Implementing a dist_structure subclass

library(dist.structure)

dist.structure is a protocol package: the closed-form constructors (exp_series, exp_kofn, …) and topology shortcuts (series_dist, kofn_dist, bridge_dist, …) are reference implementations of an S3 contract that anyone can extend. Downstream packages do exactly that: serieshaz adds a dfr_dist_series class for arbitrary dynamic-failure-rate series systems; kofn builds inference machinery on the closed-form k-out-of-n classes; future packages will add their own.

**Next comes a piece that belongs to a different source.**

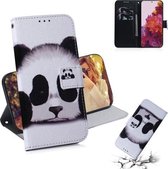 Voor Samsung Galaxy S21 Ultra 5G Gekleurde Tekening Horizontale Flip Leren Case, met Houder & Kaartsleuven & Portemonnee (Panda)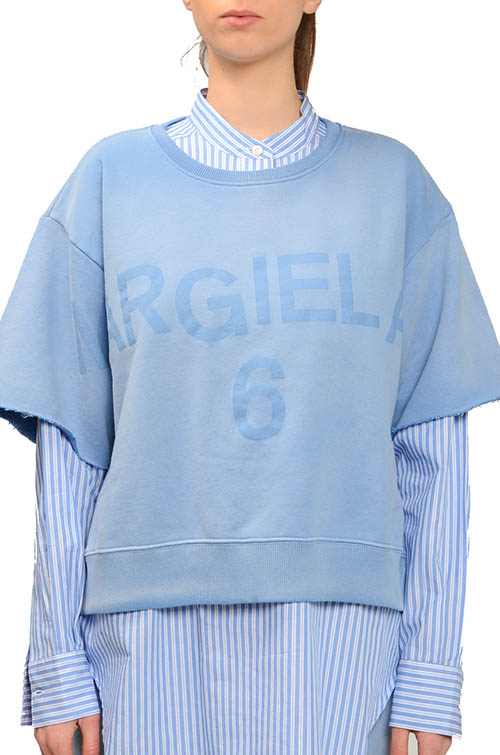 Logo Short-Sleeve Pastel Blue Sweatshirt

This vignette walks through the protocol from the implementor’s side: what to provide, what you get for free, when to override defaults for performance, and how to validate your subclass.

The contract: four steps

Every dist_structure subclass provides:

  1. A class chain that includes "dist_structure", "univariate_dist", and "dist". Almost always also a sub-chain like "coherent_dist" if the system is coherent.
  2. ncomponents(x): number of components m.
  3. component(x, j, ...): the j-th component returned as an algebraic.dist::dist object with parameters baked in. The returned dist must be independently evaluable: surv(component(x, j))(t), sampler(component(x, j))(n), etc., must all work.
  4. At least one of:
    • phi(x, state): the structure function, returning 0 or 1 for any binary state vector of length m.
    • min_paths(x): a list of integer vectors enumerating minimal functioning component subsets.
    phi and min_paths are dual: each has a default that derives from the other. If you provide both, they must be consistent (phi(x, state) == 1 iff state covers some path in min_paths(x)). Inconsistent implementations produce silently inconsistent results, because reliability / critical_states / is_coherent route through phi while min_cuts / system_signature route through min_paths.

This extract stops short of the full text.